The FTSE 100 Index was today set to slip back further from this week’s highs but will remain at stratospheric levels amid increasing signs of a long-term, booming economy and low interest rates.
Shares in Asia edged higher this morning but the FTSE 100 was expected to inch down about seven points to 7150 - still up around 20 points from its start point on Monday morning.
It has been a week in which the Federal Reserve has managed to convince the markets both that it is aware of the risk of the US economy overheating and that any increase in interest rates, while likely to start sooner than expected, will be mild enough not to kill the boom.
The bond markets have this week been among those signalling that investors are relatively happy with the Fed’s cautious stance. Investors have been rushing into higher risk corporate bonds rather than safe haven Treasuries, so much so that the difference in interest rates - known as yields - between the two collapsed to its lowest level in more than a decade, the FT reported.
Without getting too tangled up in the detail, that means investors are no longer so concerned about the threat of inflation.
However, if markets have taught us anything in recent months, it is that sentiment changes on a sixpence when equities are at such dizzying highs at a time of so much uncertainty as economies emerge from the worst of the Covid pandemic’s impact.
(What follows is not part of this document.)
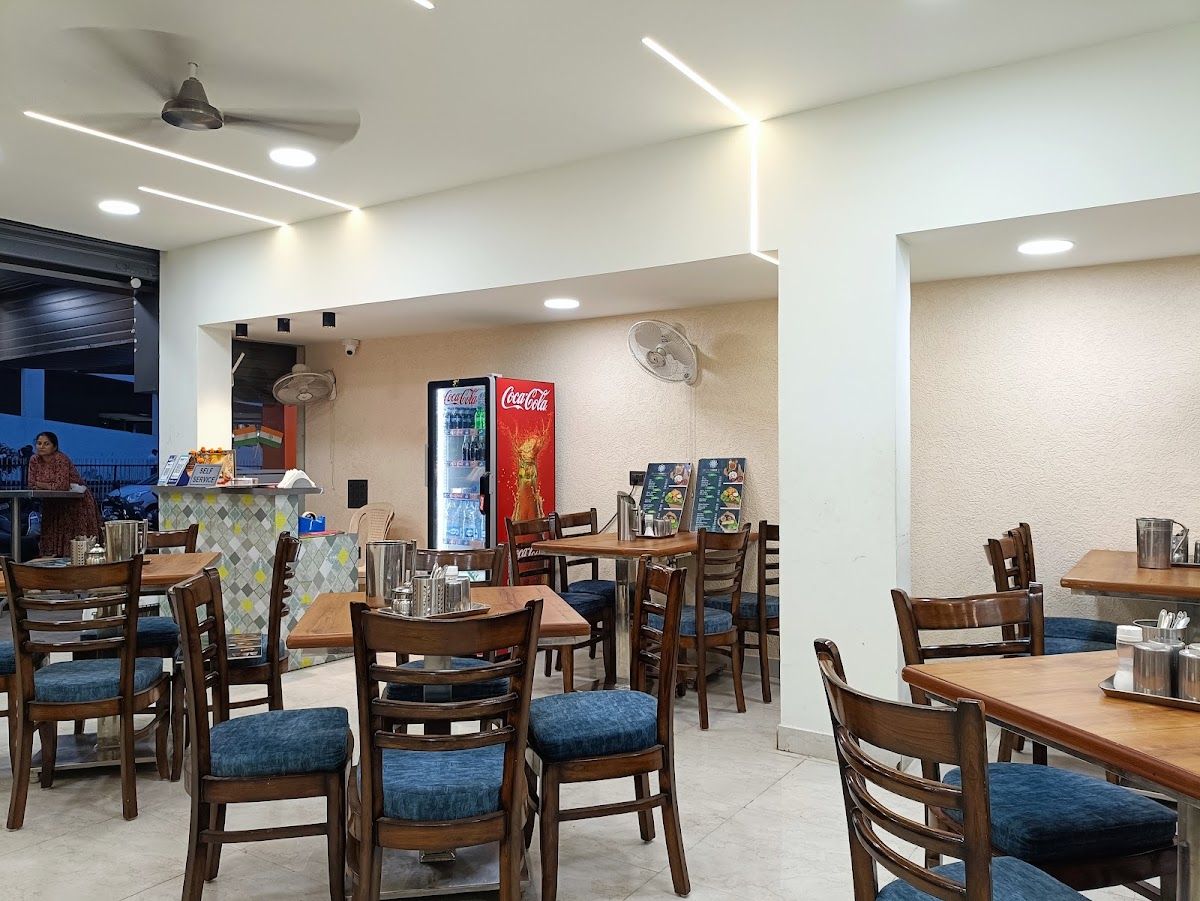 Dining room with wooden tables and blue chairs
Today will bring retail sales data in the UK to give economists and market watchers more of a feel for how Britain’s consumer-led economy is faring.
The week has featured a fairly upbeat set of data on other areas of the UK’s recovery, and retail sales are expected to follow suit. Having collapsed 8.2% in January, expect today’s May number to continue the pattern of strong bouncebacks - possibly even higher than the previous month’s 9.2% rise.
British Retail Consortium numbers last week showed extremely strong recoveries for its members.